#### Data for the task
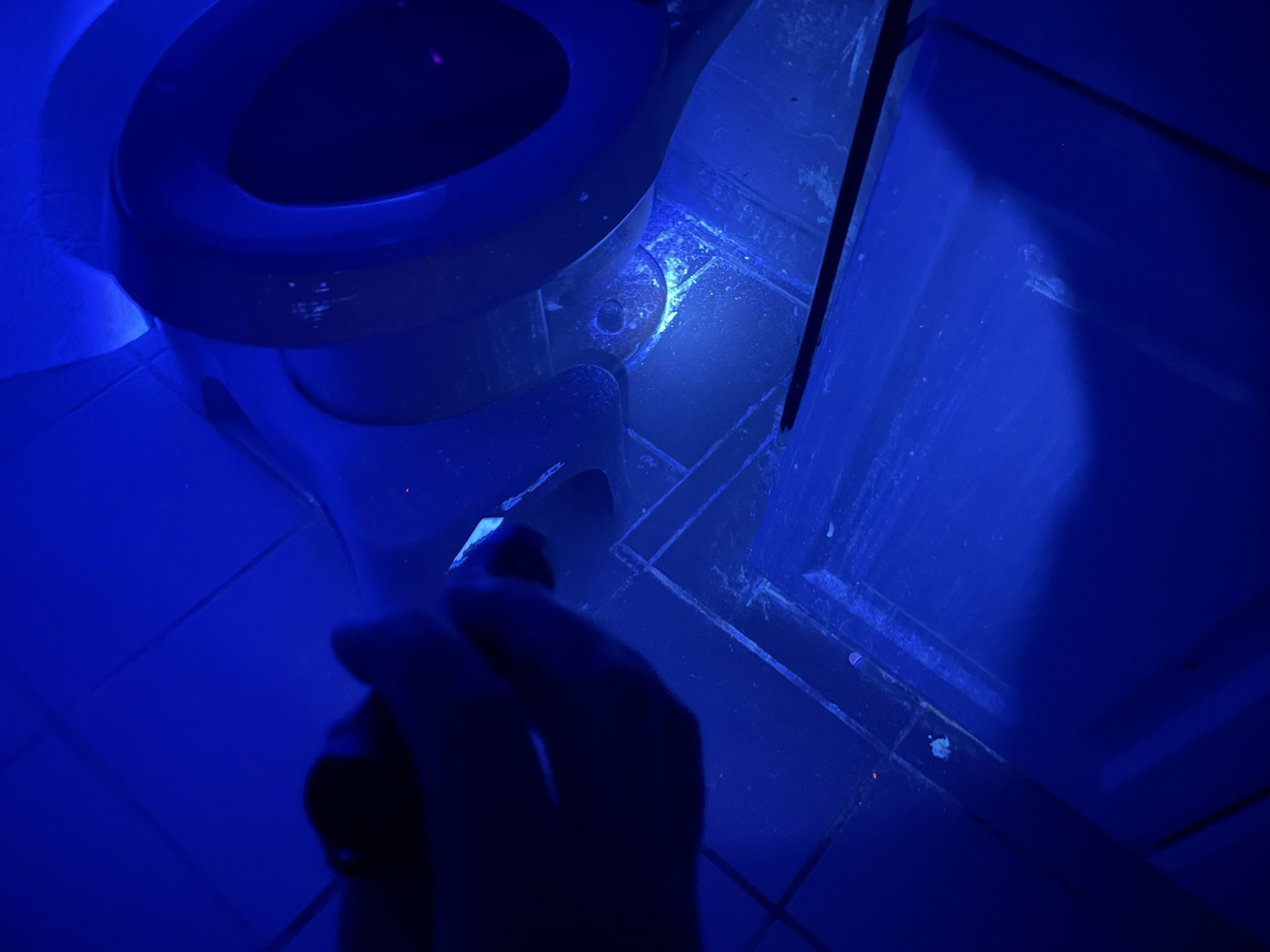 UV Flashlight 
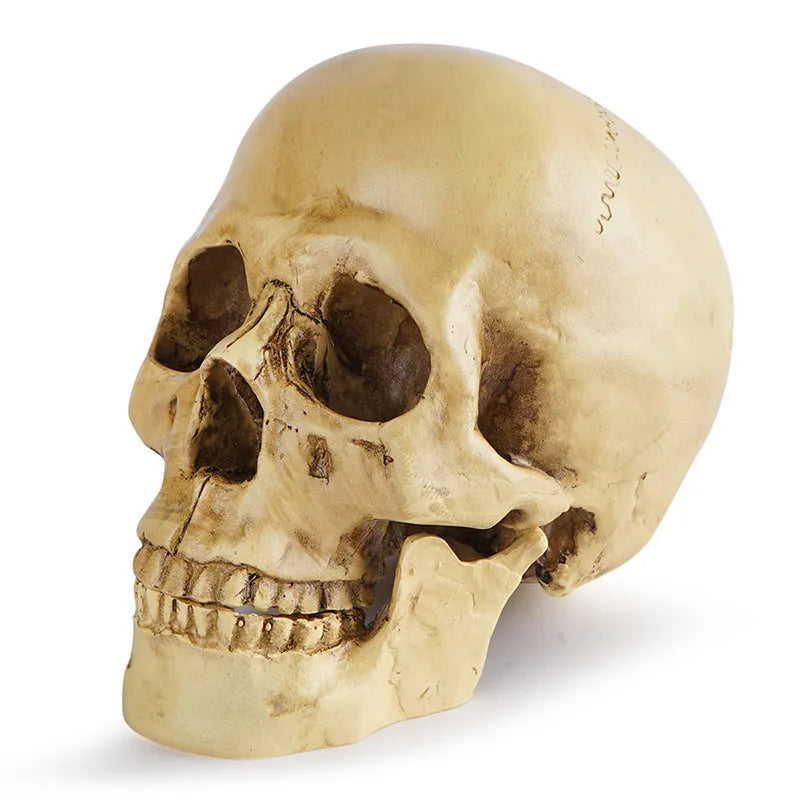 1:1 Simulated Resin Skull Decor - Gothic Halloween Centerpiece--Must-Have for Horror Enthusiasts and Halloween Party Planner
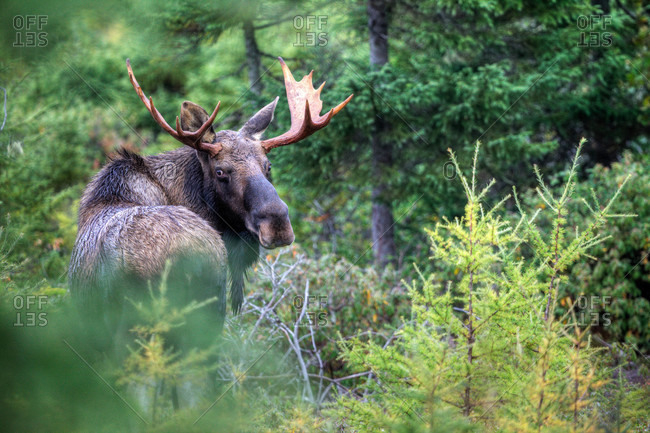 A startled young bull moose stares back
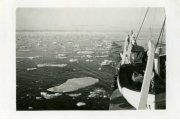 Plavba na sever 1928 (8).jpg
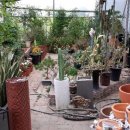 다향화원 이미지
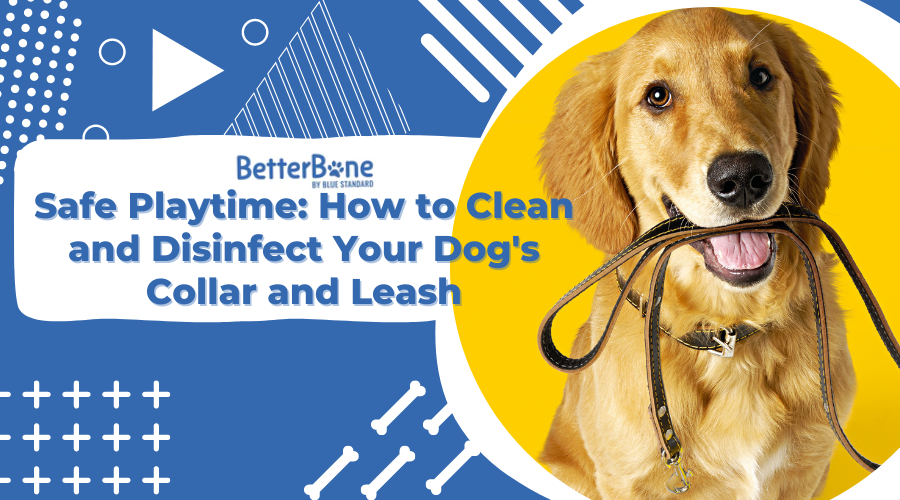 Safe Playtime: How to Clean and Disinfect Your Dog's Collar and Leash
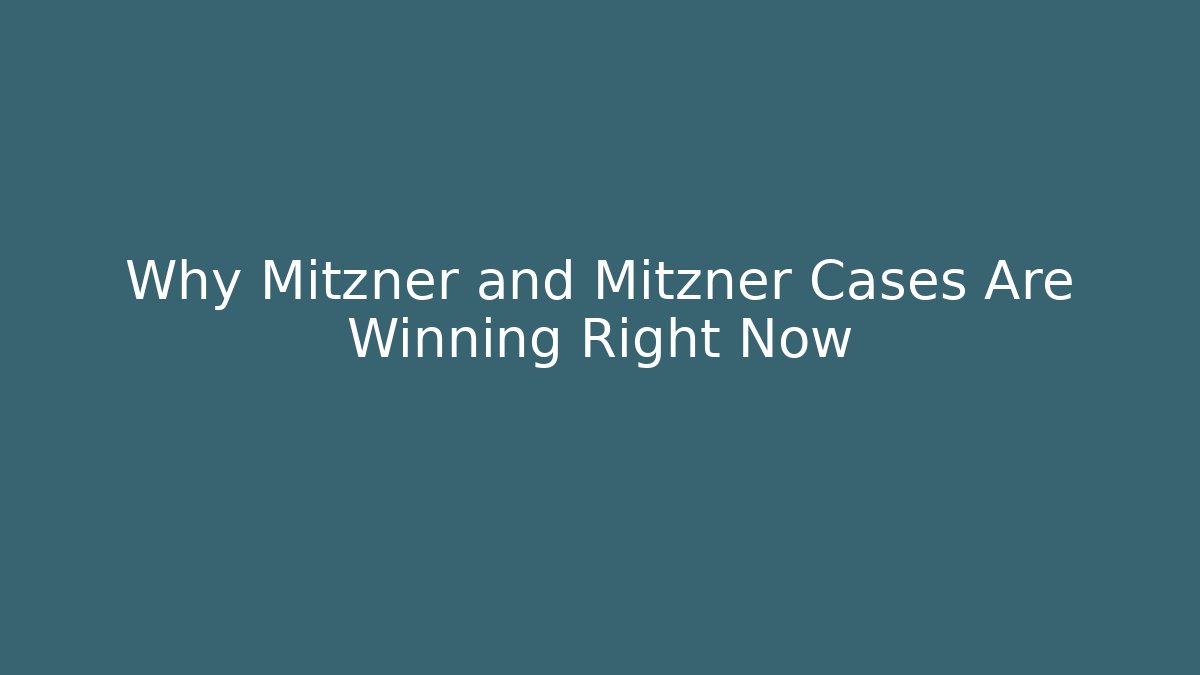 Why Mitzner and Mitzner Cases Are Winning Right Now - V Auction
########
→ **Action item**:
Repeat verbatim all the material, but not the pictures.

→ **Solution to the problem**:
 UV Flashlight 
 1:1 Simulated Resin Skull Decor - Gothic Halloween Centerpiece--Must-Have for Horror Enthusiasts and Halloween Party Planner
 A startled young bull moose stares back
 Plavba na sever 1928 (8).jpg
 다향화원 이미지
 Safe Playtime: How to Clean and Disinfect Your Dog's Collar and Leash
 Why Mitzner and Mitzner Cases Are Winning Right Now - V Auction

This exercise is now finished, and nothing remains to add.